Limitations to this assumption come from the yet uncharacterized correlation of target expression status at recurrence of disease, the absence of clearly defined cut-off values for positively scored targets, and from the unclear maximum extent of treatment responses under molecularly target therapy. In addition, the predictive value for many of the candidate targets is not well established in recurrent GBM, and it is not sufficiently investigated whether the observation of shifting target expression status is functionally relevant for the further progression of disease. In addition to the promising results with targeting alterations in the mTOR pathway [9, 31], for most signaling pathways, appropriate diagnostic tools remain to be established. And, ultimately, the tremendous extent of heterogeneity in GBM will continue to pose challenges to the successful conversion of data from investigation of recurrent tumor tissue towards clinical practice. There is a well-documented and considerable extent of inter-patient heterogeneity [5, 32, 33], and there is an increasingly recognized intra-patient heterogeneity that becomes evident, e.g., by the dynamic expansion of coexisting tumor subclones under therapy, which needs to be considered as molecularly distinct [34,35,36,37,38].
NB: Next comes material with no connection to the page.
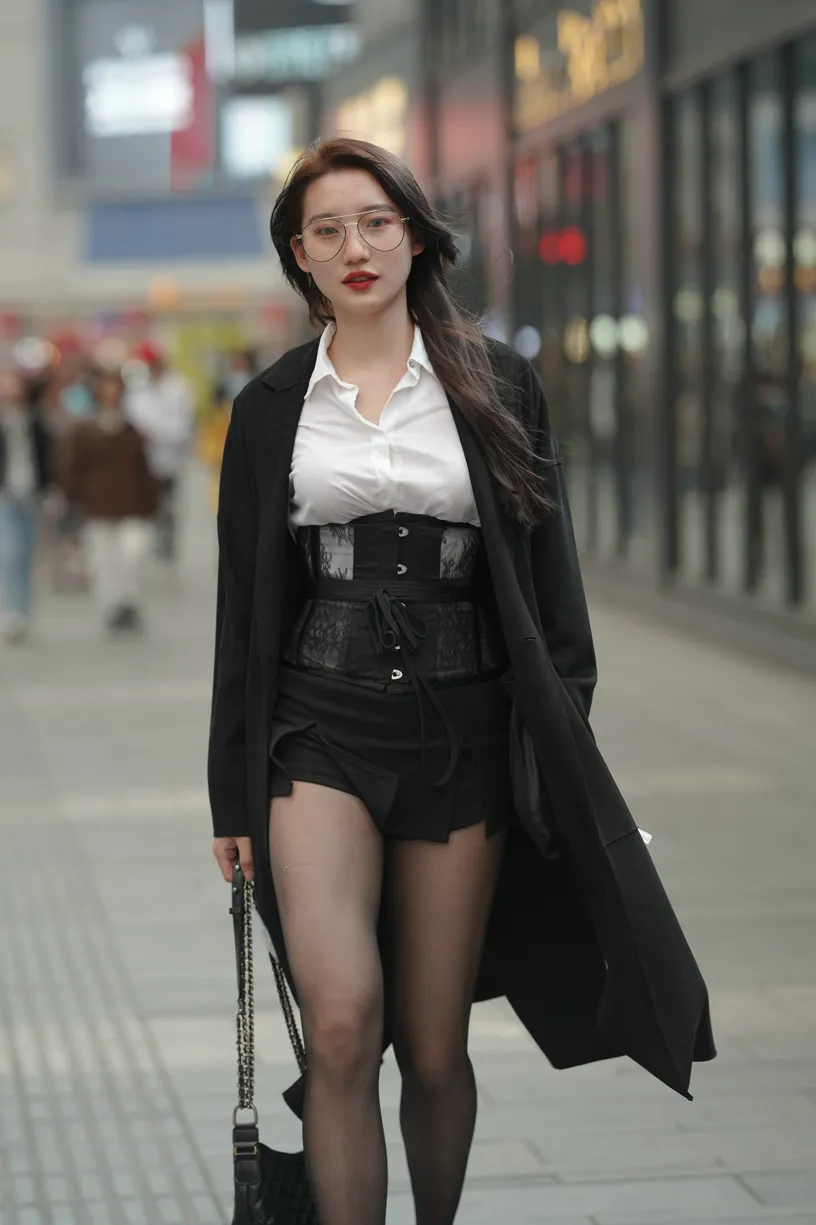 [Mzsock] NO.160 Long legs in black stockings street photography#[105P]-45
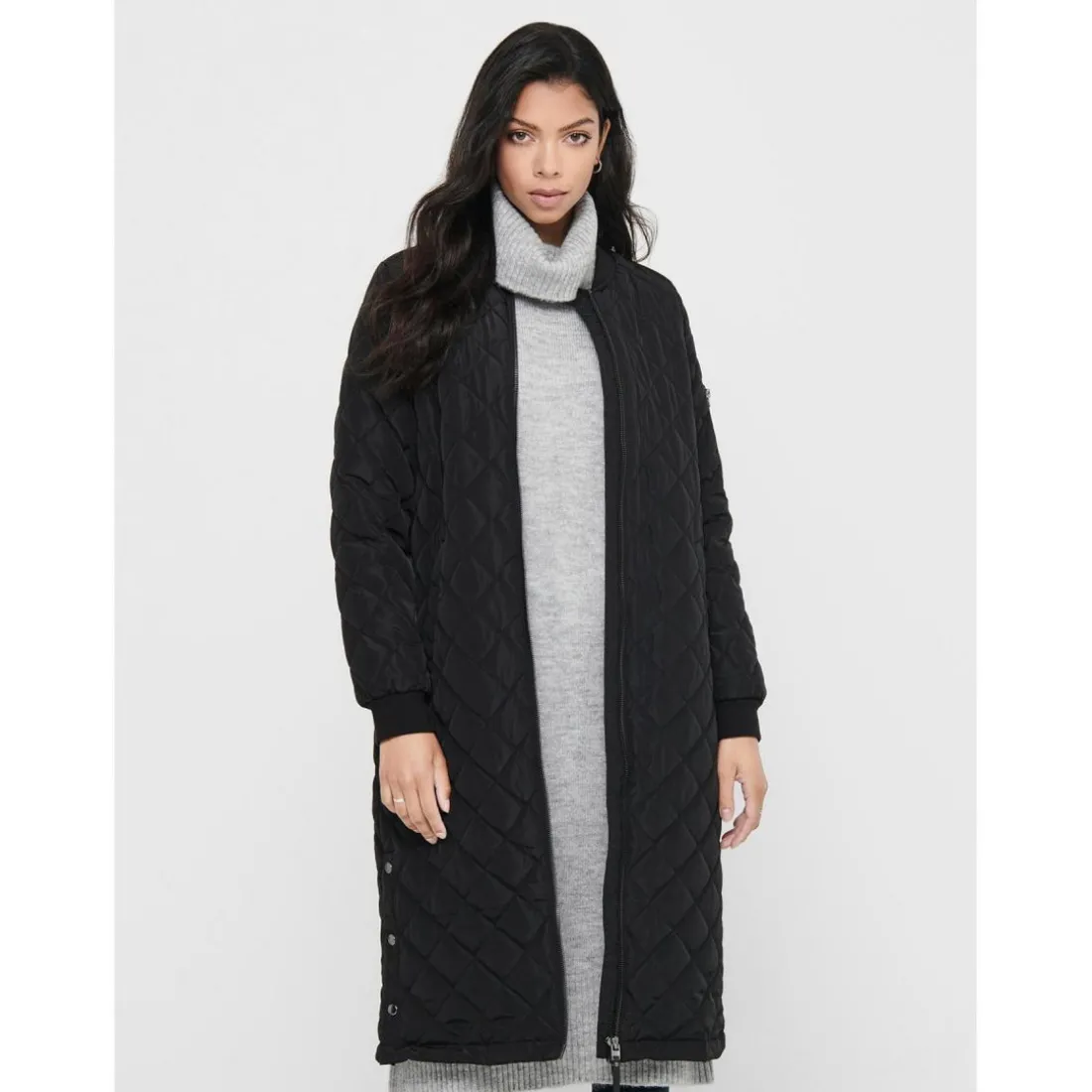 Manteau Col en V Poignets côtelés noir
Moreover, we cannot exclude that epigenetic variations resemble an alternative mechanism for the variation of target expression. Beside this, gene expression networks, cell lineage and phenotype of individual cells are emerging contributors to the complexity and intra-tumoral heterogeneity of glioblastoma and should be subject of further detailed studies.

Our study furthermore highlights the need to carefully implement, in future diagnostic schemes, the investigation of longitudinal heterogeneity that may be therapy-driven along the course of disease [39]. Future diagnostics may not rely on a single biopsy for sufficient characterization of a tumor’s molecular profile, and thus, clinical standards need to be developed that enable safe acquisition of diagnostic biomaterial from every GBM patient, even those that are not eligible for major re-surgery measures.

Taken together, the molecular characteristics of recurrent tumors cannot sufficiently be predicted from analysis of primarily resected GBM tissue. New trial concepts should consider re-surgery or re-biopsy to enable tissue analysis along the clinical course in GBM to assess the efficacy prior to initiation of a molecularly targeted therapy. In this context, so called “I-Spy”-like trial designs [40], that treat patients depending on their individual molecular profile for a variety of preselected targets with the corresponding compounds could be developed into an appropriate future scenario.

Conclusions

We could demonstrate a high incidence of dissimilar target expression status in clinical samples from primary vs. recurrent GBM. Molecular target expression, as determined at primary diagnosis, may not necessarily present rational treatment clues for the clinical care of recurrent GBM. Thus, second-line therapy require verification of target expression status and further studies need to analyze the therapeutic impact of these findings.